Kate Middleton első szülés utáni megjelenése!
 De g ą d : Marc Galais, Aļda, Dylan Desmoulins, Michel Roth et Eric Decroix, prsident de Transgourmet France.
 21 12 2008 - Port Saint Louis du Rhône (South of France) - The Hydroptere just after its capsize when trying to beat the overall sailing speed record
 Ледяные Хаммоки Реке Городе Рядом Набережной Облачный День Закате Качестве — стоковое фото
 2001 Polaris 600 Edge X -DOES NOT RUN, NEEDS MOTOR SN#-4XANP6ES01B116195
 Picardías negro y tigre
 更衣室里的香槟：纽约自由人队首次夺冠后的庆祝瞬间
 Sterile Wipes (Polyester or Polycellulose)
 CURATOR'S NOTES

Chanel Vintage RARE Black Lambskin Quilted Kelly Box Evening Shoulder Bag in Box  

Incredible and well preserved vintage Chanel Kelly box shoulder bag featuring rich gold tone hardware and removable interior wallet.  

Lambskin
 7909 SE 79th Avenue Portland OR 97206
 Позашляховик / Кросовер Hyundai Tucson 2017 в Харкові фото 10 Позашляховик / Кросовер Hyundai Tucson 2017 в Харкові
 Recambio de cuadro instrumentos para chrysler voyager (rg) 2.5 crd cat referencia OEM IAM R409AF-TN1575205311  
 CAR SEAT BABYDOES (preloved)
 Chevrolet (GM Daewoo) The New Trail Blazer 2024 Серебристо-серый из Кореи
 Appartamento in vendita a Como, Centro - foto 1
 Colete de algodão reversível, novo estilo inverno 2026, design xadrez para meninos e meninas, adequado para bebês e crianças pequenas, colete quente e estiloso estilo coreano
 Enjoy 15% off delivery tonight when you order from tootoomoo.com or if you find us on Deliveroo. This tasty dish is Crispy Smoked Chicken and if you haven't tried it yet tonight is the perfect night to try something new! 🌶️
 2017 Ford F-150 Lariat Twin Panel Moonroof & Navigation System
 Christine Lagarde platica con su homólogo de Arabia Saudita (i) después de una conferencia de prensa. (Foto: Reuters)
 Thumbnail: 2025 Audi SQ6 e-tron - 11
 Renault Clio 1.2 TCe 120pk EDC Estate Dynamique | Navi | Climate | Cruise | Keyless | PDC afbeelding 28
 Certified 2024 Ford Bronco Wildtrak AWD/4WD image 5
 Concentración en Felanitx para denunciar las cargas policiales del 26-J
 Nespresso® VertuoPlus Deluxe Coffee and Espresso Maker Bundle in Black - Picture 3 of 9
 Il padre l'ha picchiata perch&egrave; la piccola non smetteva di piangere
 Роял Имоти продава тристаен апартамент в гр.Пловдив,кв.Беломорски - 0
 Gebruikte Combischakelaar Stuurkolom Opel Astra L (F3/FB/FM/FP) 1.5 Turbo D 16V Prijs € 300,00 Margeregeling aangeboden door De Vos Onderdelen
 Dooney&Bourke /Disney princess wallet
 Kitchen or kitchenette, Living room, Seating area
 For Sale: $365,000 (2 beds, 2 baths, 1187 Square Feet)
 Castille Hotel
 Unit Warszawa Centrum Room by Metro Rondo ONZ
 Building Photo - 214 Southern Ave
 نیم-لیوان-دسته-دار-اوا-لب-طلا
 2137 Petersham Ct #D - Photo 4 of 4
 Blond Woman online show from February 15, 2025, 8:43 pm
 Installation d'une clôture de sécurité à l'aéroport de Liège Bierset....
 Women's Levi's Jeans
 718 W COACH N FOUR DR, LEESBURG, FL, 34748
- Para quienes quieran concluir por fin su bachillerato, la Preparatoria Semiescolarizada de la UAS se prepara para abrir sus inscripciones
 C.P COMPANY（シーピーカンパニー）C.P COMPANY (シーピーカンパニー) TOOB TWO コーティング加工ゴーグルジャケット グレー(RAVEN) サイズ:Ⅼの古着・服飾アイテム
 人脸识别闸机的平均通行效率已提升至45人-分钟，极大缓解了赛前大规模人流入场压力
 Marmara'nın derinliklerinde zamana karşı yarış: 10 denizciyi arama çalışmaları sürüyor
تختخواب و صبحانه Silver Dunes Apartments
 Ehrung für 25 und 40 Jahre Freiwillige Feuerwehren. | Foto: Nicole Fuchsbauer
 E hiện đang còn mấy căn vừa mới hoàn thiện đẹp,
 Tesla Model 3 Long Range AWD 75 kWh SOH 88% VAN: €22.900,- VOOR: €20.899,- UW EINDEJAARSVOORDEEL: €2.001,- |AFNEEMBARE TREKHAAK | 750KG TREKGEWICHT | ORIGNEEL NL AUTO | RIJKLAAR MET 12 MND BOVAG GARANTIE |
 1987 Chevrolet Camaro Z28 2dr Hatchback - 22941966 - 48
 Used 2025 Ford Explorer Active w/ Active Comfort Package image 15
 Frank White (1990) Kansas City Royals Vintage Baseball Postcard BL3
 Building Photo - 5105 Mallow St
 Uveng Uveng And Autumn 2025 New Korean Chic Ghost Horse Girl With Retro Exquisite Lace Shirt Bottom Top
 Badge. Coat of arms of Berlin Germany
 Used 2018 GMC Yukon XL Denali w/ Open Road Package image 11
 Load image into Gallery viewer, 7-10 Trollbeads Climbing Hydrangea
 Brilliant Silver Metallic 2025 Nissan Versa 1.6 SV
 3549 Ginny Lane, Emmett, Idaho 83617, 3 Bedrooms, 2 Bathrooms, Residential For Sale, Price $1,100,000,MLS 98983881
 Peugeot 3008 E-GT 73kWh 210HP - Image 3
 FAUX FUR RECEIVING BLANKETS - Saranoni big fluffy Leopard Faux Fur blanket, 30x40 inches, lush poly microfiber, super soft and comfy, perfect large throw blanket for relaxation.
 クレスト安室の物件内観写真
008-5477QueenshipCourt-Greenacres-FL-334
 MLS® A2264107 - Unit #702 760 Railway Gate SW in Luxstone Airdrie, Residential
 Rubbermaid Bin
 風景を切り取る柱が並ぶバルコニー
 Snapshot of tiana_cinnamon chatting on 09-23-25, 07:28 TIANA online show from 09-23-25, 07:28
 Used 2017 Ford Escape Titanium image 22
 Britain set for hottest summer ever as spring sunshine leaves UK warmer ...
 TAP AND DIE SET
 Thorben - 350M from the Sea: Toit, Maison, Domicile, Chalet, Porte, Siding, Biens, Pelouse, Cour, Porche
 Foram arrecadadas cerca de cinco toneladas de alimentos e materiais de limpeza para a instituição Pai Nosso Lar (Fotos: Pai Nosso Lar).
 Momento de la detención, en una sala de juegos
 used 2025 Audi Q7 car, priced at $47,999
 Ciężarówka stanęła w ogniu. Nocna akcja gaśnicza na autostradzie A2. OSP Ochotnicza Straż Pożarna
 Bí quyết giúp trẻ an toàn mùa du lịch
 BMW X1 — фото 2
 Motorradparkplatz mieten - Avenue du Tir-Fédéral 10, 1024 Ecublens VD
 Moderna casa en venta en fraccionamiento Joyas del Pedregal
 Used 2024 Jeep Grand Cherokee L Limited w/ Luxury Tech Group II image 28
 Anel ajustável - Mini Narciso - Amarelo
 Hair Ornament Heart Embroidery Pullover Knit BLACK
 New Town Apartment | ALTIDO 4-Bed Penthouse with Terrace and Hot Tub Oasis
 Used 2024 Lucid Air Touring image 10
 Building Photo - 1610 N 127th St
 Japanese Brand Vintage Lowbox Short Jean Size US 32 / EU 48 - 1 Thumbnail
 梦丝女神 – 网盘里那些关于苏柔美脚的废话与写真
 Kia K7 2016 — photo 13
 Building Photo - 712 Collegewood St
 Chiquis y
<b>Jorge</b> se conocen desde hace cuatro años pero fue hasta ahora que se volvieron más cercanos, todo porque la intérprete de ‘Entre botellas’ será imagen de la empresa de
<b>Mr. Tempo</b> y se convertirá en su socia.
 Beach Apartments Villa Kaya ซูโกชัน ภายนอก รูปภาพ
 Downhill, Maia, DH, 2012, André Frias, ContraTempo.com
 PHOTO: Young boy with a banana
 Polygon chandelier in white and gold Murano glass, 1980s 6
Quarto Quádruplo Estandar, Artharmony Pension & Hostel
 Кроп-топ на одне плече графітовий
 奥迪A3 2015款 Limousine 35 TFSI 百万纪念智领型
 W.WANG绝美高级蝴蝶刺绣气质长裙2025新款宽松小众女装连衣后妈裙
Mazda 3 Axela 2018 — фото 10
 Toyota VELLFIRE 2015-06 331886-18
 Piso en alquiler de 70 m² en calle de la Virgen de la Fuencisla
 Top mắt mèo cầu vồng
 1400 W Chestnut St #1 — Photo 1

──────────

### EXERCISE DESCRIPTION
Write out exactly the lines that fall from the line with "Concentración en Felanitx" to the line with "Load image into" in the records above, keeping both ends.

### RESPONSE TO THIS TASK
 Concentración en Felanitx para denunciar las cargas policiales del 26-J
 Nespresso® VertuoPlus Deluxe Coffee and Espresso Maker Bundle in Black - Picture 3 of 9
 Il padre l'ha picchiata perch&egrave; la piccola non smetteva di piangere
 Роял Имоти продава тристаен апартамент в гр.Пловдив,кв.Беломорски - 0
 Gebruikte Combischakelaar Stuurkolom Opel Astra L (F3/FB/FM/FP) 1.5 Turbo D 16V Prijs € 300,00 Margeregeling aangeboden door De Vos Onderdelen
 Dooney&Bourke /Disney princess wallet
 Kitchen or kitchenette, Living room, Seating area
 For Sale: $365,000 (2 beds, 2 baths, 1187 Square Feet)
 Castille Hotel
 Unit Warszawa Centrum Room by Metro Rondo ONZ
 Building Photo - 214 Southern Ave
 نیم-لیوان-دسته-دار-اوا-لب-طلا
 2137 Petersham Ct #D - Photo 4 of 4
 Blond Woman online show from February 15, 2025, 8:43 pm
 Installation d'une clôture de sécurité à l'aéroport de Liège Bierset....
 Women's Levi's Jeans
 718 W COACH N FOUR DR, LEESBURG, FL, 34748
- Para quienes quieran concluir por fin su bachillerato, la Preparatoria Semiescolarizada de la UAS se prepara para abrir sus inscripciones
 C.P COMPANY（シーピーカンパニー）C.P COMPANY (シーピーカンパニー) TOOB TWO コーティング加工ゴーグルジャケット グレー(RAVEN) サイズ:Ⅼの古着・服飾アイテム
 人脸识别闸机的平均通行效率已提升至45人-分钟，极大缓解了赛前大规模人流入场压力
 Marmara'nın derinliklerinde zamana karşı yarış: 10 denizciyi arama çalışmaları sürüyor
تختخواب و صبحانه Silver Dunes Apartments
 Ehrung für 25 und 40 Jahre Freiwillige Feuerwehren. | Foto: Nicole Fuchsbauer
 E hiện đang còn mấy căn vừa mới hoàn thiện đẹp,
 Tesla Model 3 Long Range AWD 75 kWh SOH 88% VAN: €22.900,- VOOR: €20.899,- UW EINDEJAARSVOORDEEL: €2.001,- |AFNEEMBARE TREKHAAK | 750KG TREKGEWICHT | ORIGNEEL NL AUTO | RIJKLAAR MET 12 MND BOVAG GARANTIE |
 1987 Chevrolet Camaro Z28 2dr Hatchback - 22941966 - 48
 Used 2025 Ford Explorer Active w/ Active Comfort Package image 15
 Frank White (1990) Kansas City Royals Vintage Baseball Postcard BL3
 Building Photo - 5105 Mallow St
 Uveng Uveng And Autumn 2025 New Korean Chic Ghost Horse Girl With Retro Exquisite Lace Shirt Bottom Top
 Badge. Coat of arms of Berlin Germany
 Used 2018 GMC Yukon XL Denali w/ Open Road Package image 11
 Load image into Gallery viewer, 7-10 Trollbeads Climbing Hydrangea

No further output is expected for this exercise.